Le design graphique était-il meilleur en 1989?

Dans son édition de mars 2009, la revue britannique Grafik posait la question : est-il plus facile d’être designer graphique maintenant ou était-ce plus facile en 1989? Les six réponses présentées sont ambivalentes : “Graphic design has become more accessible, less effort and much quicker. You can do things now you couldn’t even dream about in 1989. But despite the obvious benefits, computers have also allowed every man and his dog to believe they are designers”, écrit par exemple Mike Denny de la firme Roundel.

Nous sommes effectivement de la génération Mac.
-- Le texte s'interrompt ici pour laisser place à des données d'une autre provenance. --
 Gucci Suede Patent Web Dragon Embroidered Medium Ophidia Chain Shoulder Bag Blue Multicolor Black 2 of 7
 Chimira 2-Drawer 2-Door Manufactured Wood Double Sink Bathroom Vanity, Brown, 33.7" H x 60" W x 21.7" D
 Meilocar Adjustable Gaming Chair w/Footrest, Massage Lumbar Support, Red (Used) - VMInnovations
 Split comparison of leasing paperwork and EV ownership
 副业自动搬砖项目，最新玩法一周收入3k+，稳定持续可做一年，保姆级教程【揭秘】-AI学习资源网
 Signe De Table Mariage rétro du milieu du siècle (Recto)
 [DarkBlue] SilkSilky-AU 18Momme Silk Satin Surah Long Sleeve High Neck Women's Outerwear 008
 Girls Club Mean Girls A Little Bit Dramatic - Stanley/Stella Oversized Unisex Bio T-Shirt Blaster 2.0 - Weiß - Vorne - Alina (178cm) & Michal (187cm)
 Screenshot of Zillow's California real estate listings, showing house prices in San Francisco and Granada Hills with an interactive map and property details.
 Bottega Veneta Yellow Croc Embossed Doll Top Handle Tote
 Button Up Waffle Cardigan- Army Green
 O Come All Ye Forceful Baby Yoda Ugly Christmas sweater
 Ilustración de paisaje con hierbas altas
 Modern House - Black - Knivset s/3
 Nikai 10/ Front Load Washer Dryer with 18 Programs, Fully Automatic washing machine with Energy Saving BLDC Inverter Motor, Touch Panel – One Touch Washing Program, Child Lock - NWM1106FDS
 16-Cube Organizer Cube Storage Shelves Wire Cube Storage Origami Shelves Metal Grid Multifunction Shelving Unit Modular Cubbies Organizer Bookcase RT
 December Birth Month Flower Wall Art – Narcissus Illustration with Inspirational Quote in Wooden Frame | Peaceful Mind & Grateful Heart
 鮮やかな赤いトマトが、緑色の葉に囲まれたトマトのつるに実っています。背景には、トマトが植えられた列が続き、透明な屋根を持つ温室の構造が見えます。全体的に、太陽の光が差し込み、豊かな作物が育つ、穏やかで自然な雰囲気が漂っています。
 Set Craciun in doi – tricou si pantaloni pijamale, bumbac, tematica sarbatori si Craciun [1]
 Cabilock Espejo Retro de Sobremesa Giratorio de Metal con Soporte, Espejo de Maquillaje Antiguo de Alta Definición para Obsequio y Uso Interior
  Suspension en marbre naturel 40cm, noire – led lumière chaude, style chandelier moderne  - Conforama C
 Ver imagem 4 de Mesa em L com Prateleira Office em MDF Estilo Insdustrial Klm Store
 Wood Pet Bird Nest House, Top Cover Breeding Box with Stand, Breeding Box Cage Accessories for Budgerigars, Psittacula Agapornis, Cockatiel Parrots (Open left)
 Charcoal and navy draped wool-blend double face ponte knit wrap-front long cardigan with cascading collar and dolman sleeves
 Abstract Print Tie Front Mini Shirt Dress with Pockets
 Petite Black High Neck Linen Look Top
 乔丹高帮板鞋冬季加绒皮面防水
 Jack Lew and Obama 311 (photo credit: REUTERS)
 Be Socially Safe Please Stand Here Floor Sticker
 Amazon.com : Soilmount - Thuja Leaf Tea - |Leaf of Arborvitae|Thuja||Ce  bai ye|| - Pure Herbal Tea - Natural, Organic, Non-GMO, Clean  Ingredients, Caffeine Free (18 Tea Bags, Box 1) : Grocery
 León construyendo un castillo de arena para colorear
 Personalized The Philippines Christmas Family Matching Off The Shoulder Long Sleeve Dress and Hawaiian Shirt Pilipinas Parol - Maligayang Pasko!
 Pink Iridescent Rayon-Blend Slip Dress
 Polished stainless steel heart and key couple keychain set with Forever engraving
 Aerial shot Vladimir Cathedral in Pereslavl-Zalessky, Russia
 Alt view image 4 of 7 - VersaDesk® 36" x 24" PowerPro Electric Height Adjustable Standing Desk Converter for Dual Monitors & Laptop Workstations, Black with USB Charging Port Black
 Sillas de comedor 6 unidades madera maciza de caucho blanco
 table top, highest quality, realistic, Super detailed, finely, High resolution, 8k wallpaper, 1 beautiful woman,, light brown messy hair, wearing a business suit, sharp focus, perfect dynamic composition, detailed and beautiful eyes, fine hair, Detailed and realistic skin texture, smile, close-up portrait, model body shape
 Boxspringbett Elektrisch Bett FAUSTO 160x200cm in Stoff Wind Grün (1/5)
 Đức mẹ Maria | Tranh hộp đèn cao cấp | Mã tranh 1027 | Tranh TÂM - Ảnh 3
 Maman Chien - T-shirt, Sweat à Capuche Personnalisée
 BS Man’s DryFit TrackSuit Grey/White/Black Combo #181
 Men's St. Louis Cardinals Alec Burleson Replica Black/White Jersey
L’ordinateur, qui a vu le jour en 1984, est rapidement devenu la marque de commerce des artistes graphiques et il est maintenant Impossible pour nous d’imaginer le travail que représentait le tire-ligne et le montage d’affiche au letraset.

Mais si la pratique graphique se base aujourd'hui sur les différents logiciels de la suite Adobe, il existe un réel attrait pour la matière chez les jeunes designers. Une envie de travailler les textures, les objets, de juxtaposer des éléments, d’en examiner les reliefs et de jouer avec les contrastes. Pensons au travail de Julien Vallée qui, récemment, faisait la couverture du magazine IdN.


Plus encore, certains artistes s’efforcent de travailler à la main et cette vision “old school” du travail de designer prend une place de choix dans l’univers visuel de 2009.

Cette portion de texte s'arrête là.